第3回 選択の自由 幸福感に
毎日新聞コラム「健康を決める力」
毎日新聞 2017年7月2日 東京朝刊掲載
高校1年生の終わりに、友人と署名運動を起こしたことがあります。理系と文系のクラス分けを3年から2年に早めるという決定に対する抗議でした。寝耳に水で、すぐには決められない(文系女子と離れたくない......)という思いからでした。しかし、結局は失敗に終わりました。インターネットがない時代の16歳にとって、職業選択につながる意思決定を急に強いられるのは、ハッピーな経験ではありませんでした。

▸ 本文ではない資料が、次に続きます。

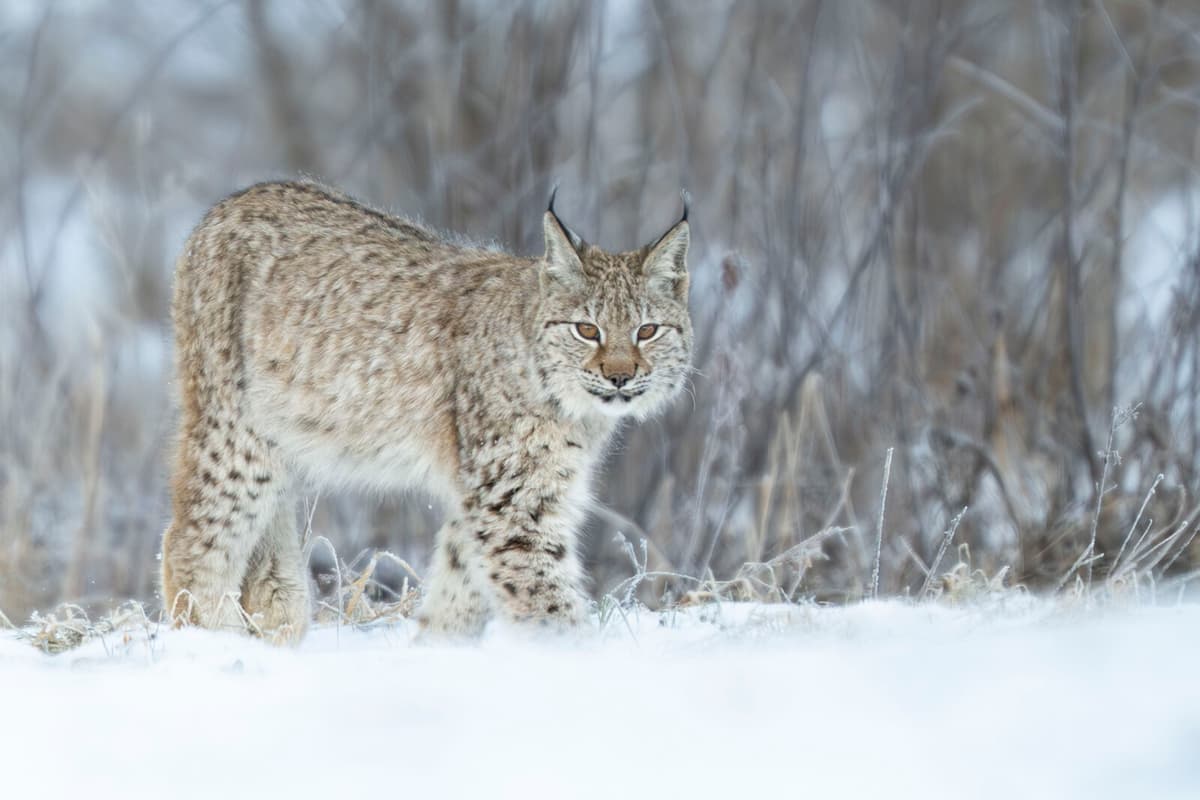 Fast pace in this year's lynx hunt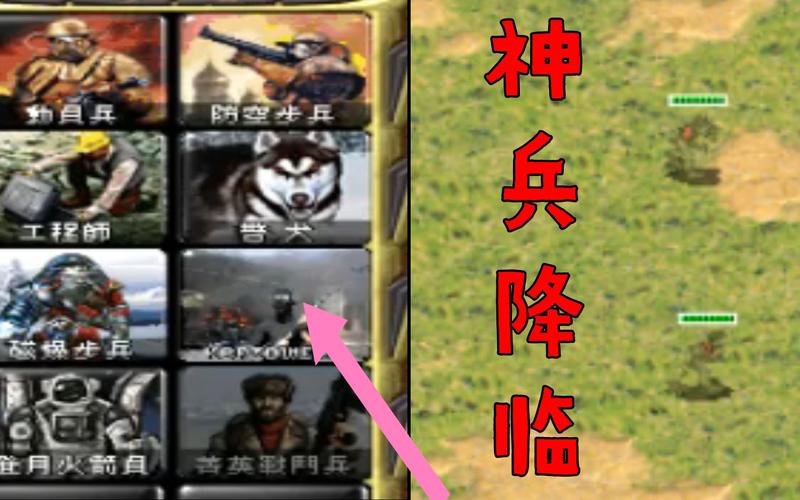 红警卡等级攻略：新手也能玩转高级兵种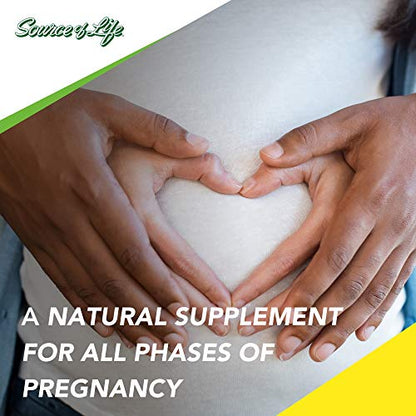 NaturesPlus Source of Life Prenatal - 800 mcg Folate, 180 Vegetarian Tablets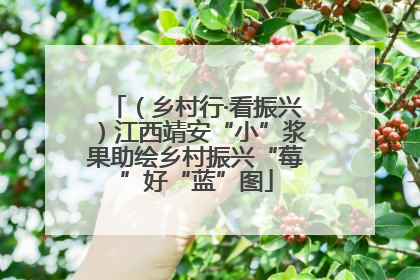 （乡村行·看振兴）江西靖安“小”浆果助绘乡村振兴“莓”好“蓝”图
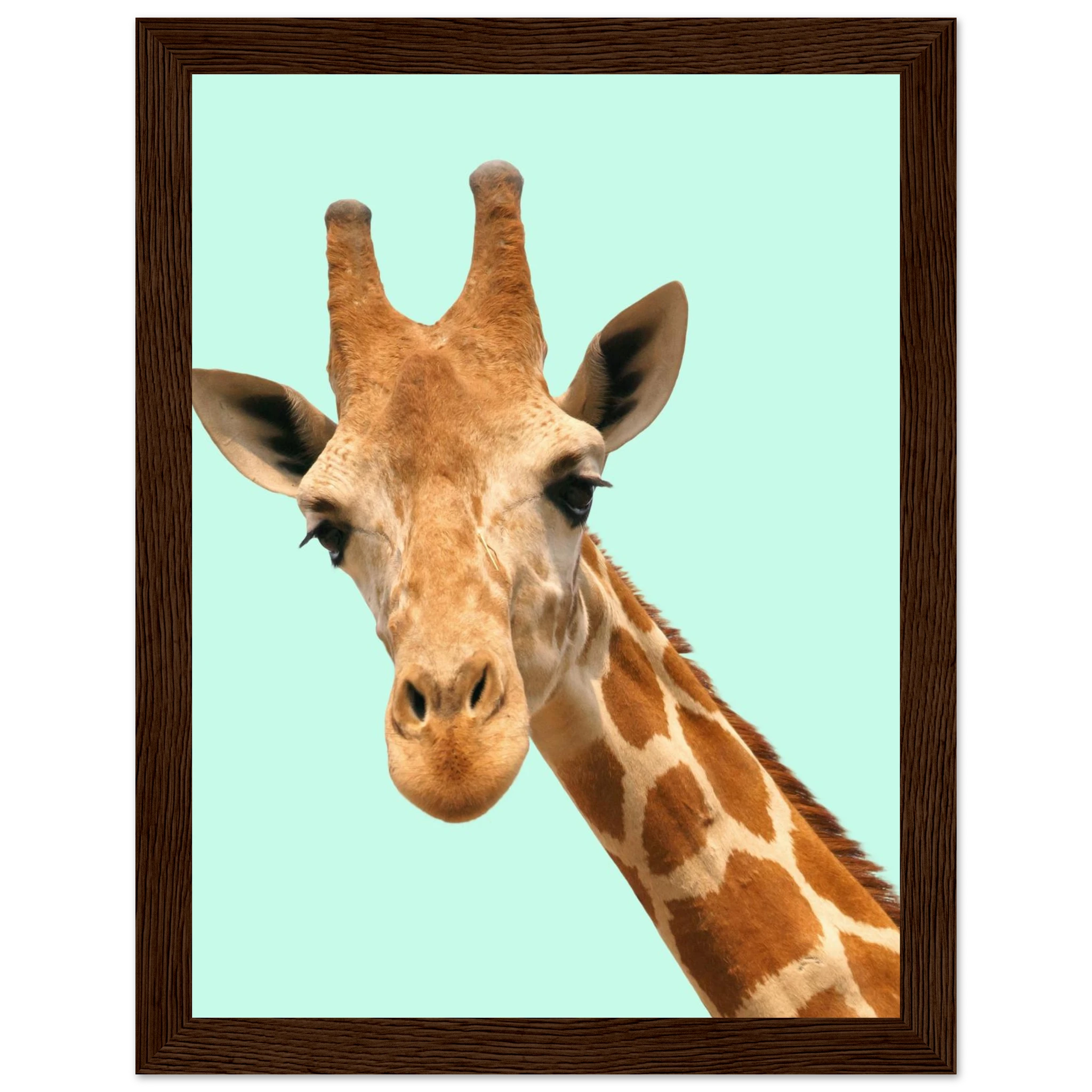 ce6bb698-5644-4c78-99cb-8e455eb5aa85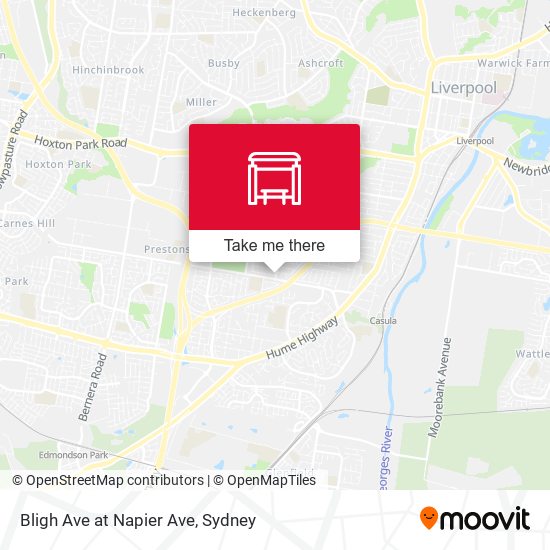 Bligh Ave at Napier Ave map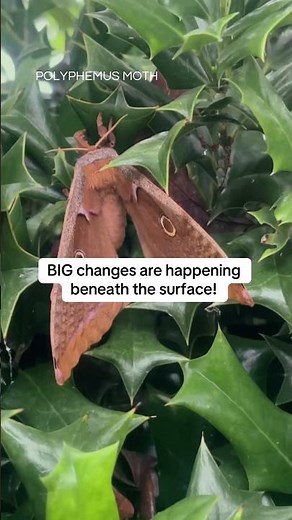 Polyphemus Giant Moth🦋Moth Spiritual Meaning 🦋 #moths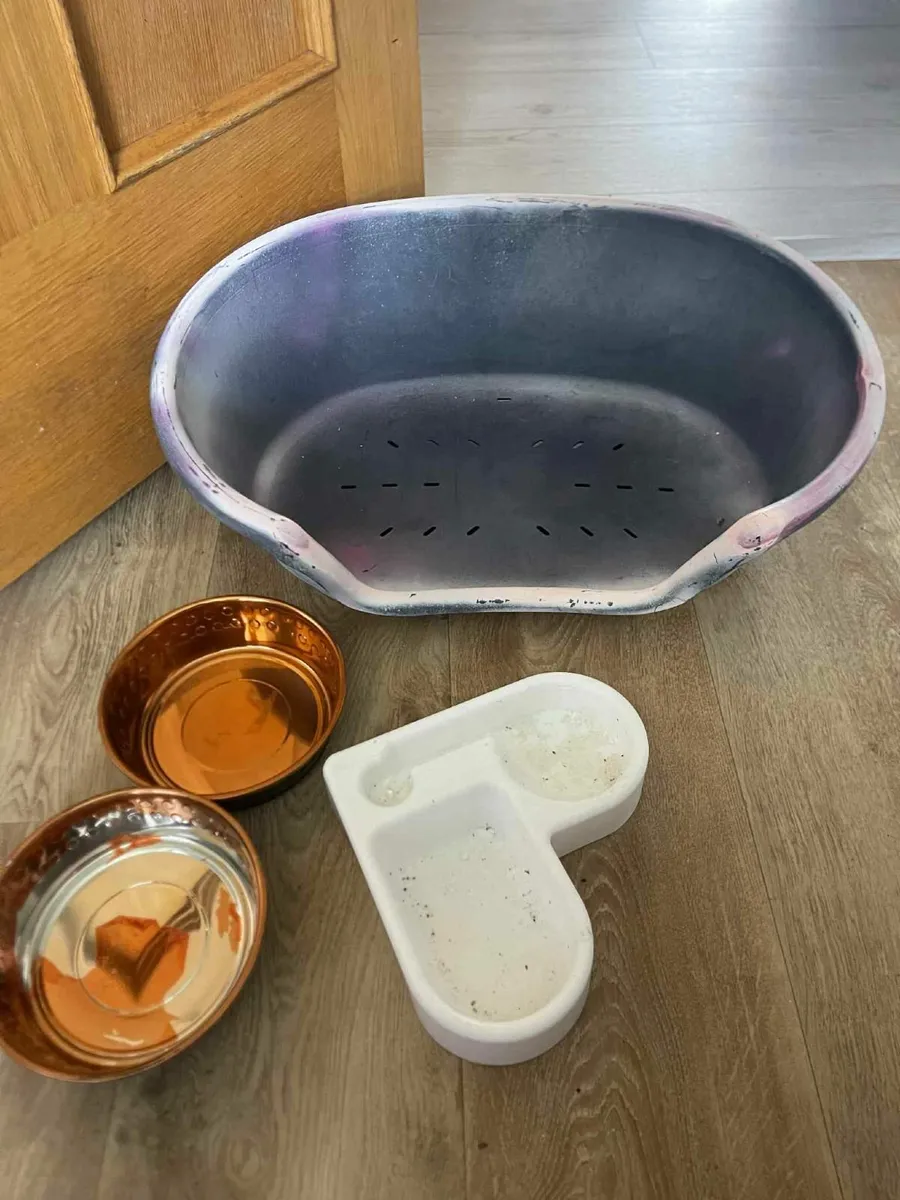 pet accessories - Image 3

内容は違いますが、健康情報をもとに意思決定できる力であるヘルスリテラシーは、日本では高くないというのが私たちの調査結果です。では、どの国が高いかといえば、15カ国・地域の調査ではオランダでした。オランダでは、利用者満足度第1位の在宅ケア組織ビュートゾルフが広く普及しています。看護師である創業者によれば、その根底に「自分の人生の中で起きるいろいろなことについて自分で判断して決定できれば、自分の人生に自ら影響を与えられるし、より幸せな人生を送ることができる」という信念があるそうです。選択の自由を重視し、そのために必要な情報を提供する。情報の公開度は世界でトップクラスです。
世界の幸福感の調査によれば、人生の選択の自由度が高い国ほど幸福感が高い傾向にあることがわかっています。オランダが人生の選択の自由度とともに幸福感も世界の上位なのに対し、日本の幸福感は先進国では低めで、人生の選択の自由度は最低ランクです。
保健福祉の例をあげれば、少子化に関連して「非正規雇用で結婚できるか」「結婚して姓を選べるか」「結婚しなくても子供を産めるか」「仕事と子育てを両立できるか」などがあり、また、喫煙は、死因1位であるがんに関する予防可能な最大の原因ですが、これも世界の国並みに「飲食店で受動喫煙をしなくて済むか」があげられます。
私たちは、選択の自由が無い状況が健康と幸福感に影響していることに気付く必要があるようです。その原因を知って、それを変えるために意思決定して行動できる力、すなわちヘルスリテラシーが求められます。受動喫煙については、「#たばこ煙害死なくそう」などの数々の署名運動が展開されています。私も賛同して参加をしています。
高1の終わり、私たちは集めた署名を抱え先生たちと交渉に臨みました。しかし、校則を盾にした先制攻撃を受けて沈黙し、すごすごと撤退してしまいました。後で聞いた話ですが、先生たちは、もしあの時きちんと署名を手渡されていたら対応に困ってしまっていたそうです。一人一人の思いを声にして届けることの大切さを学んだのでした。
(次回は8月6日掲載)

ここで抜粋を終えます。